> [PROBLEM REQUIREMENTS] Return only the lines of the data below from the line with "8627 5TH STREET St Petersburg, FL 33702" up to and including the line with "Cover Image for รีสอร์ทเรือนทอง", exactly as written, with the pictures omitted.

*** EXERCISE DATA ***

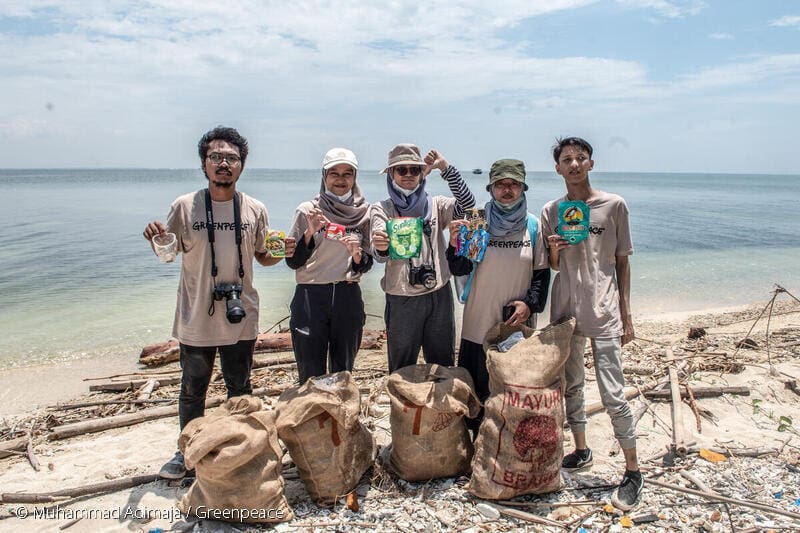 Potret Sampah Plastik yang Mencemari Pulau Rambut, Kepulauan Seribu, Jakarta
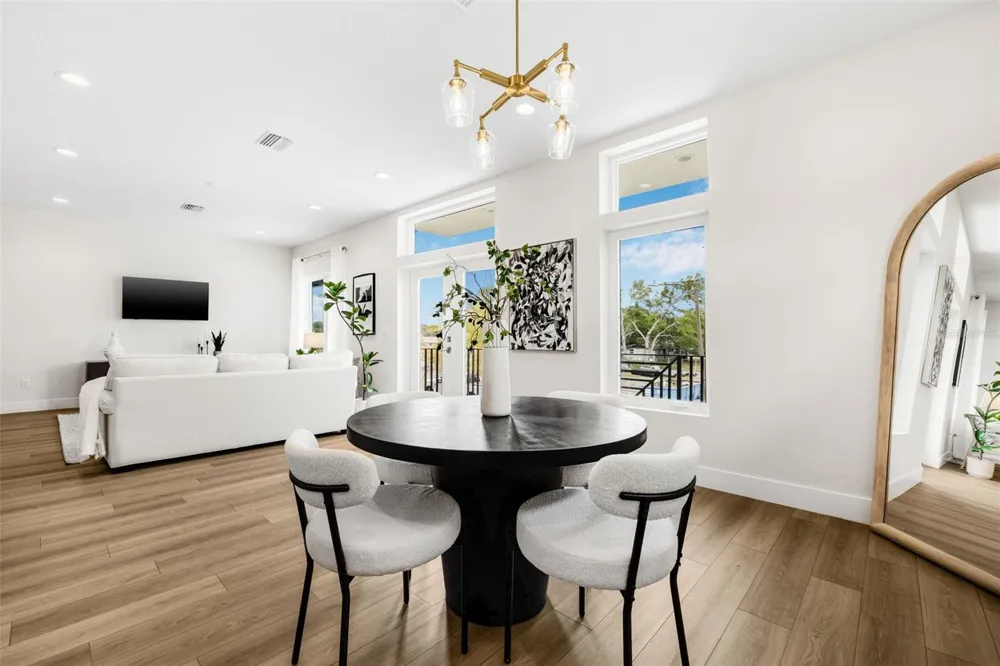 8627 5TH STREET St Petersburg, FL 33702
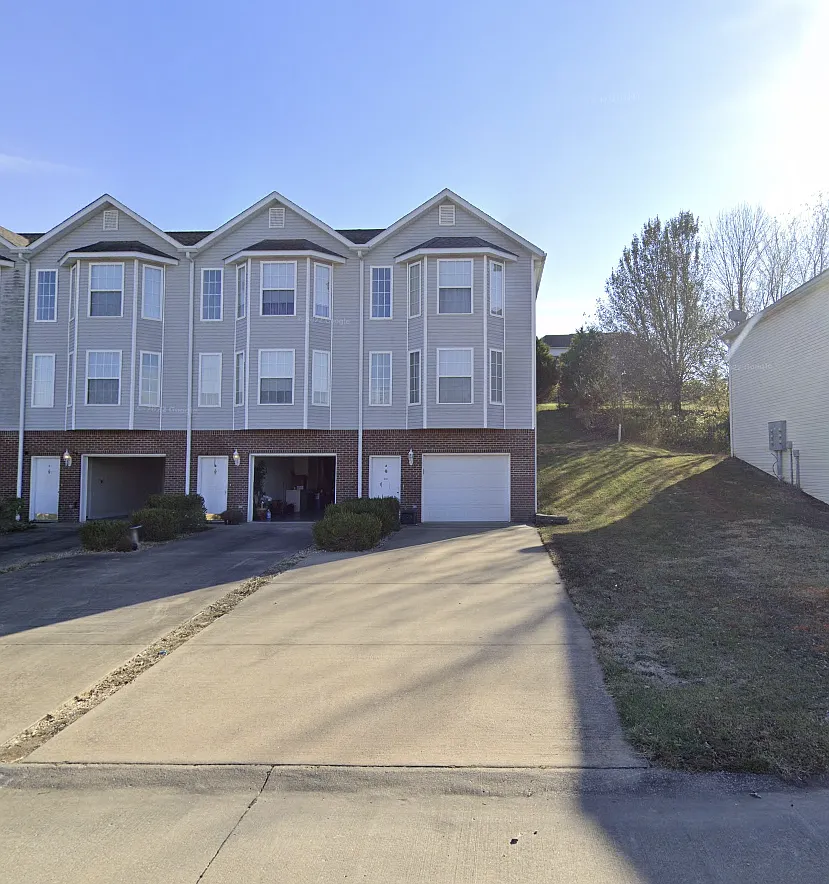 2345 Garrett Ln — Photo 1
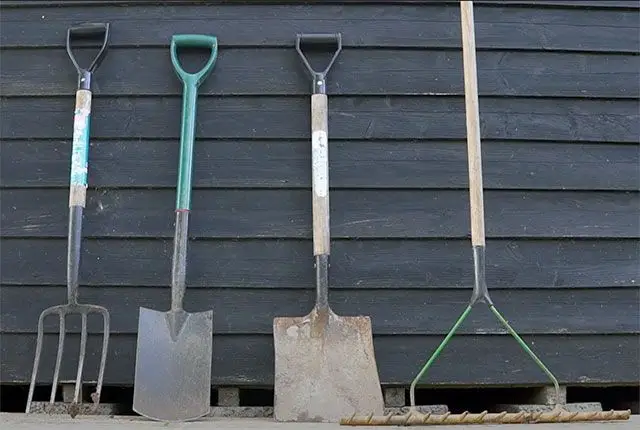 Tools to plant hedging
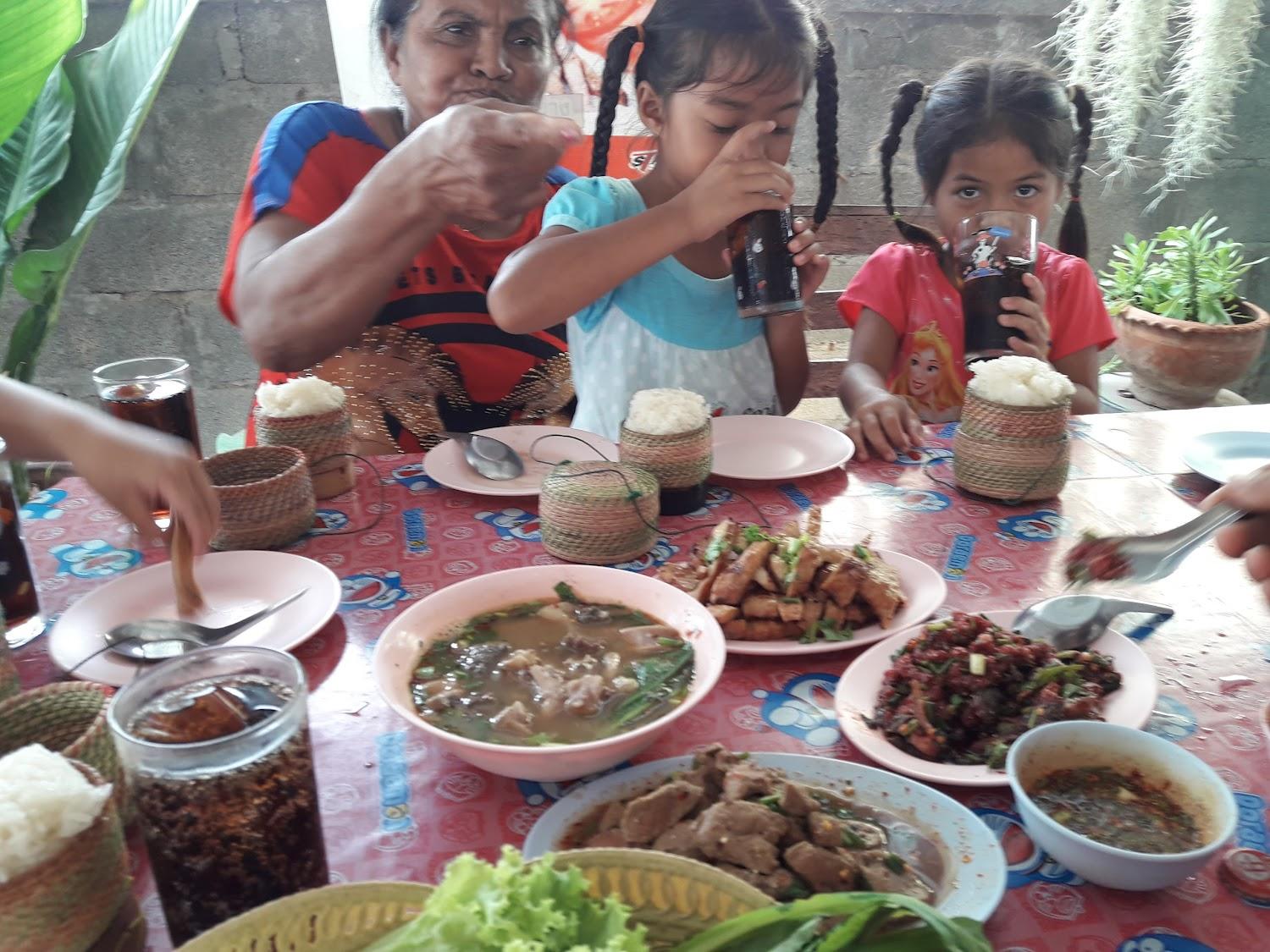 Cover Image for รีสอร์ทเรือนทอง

*** End of EXERCISE DATA ***
*** EXERCISE DATA ***

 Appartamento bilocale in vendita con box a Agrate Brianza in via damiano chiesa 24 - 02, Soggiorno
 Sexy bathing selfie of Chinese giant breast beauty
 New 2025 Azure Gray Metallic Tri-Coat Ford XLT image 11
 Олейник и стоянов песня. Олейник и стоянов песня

*** End of EXERCISE DATA ***

> [RESPONSE AREA]
 8627 5TH STREET St Petersburg, FL 33702
 2345 Garrett Ln — Photo 1
 Tools to plant hedging
 Cover Image for รีสอร์ทเรือนทอง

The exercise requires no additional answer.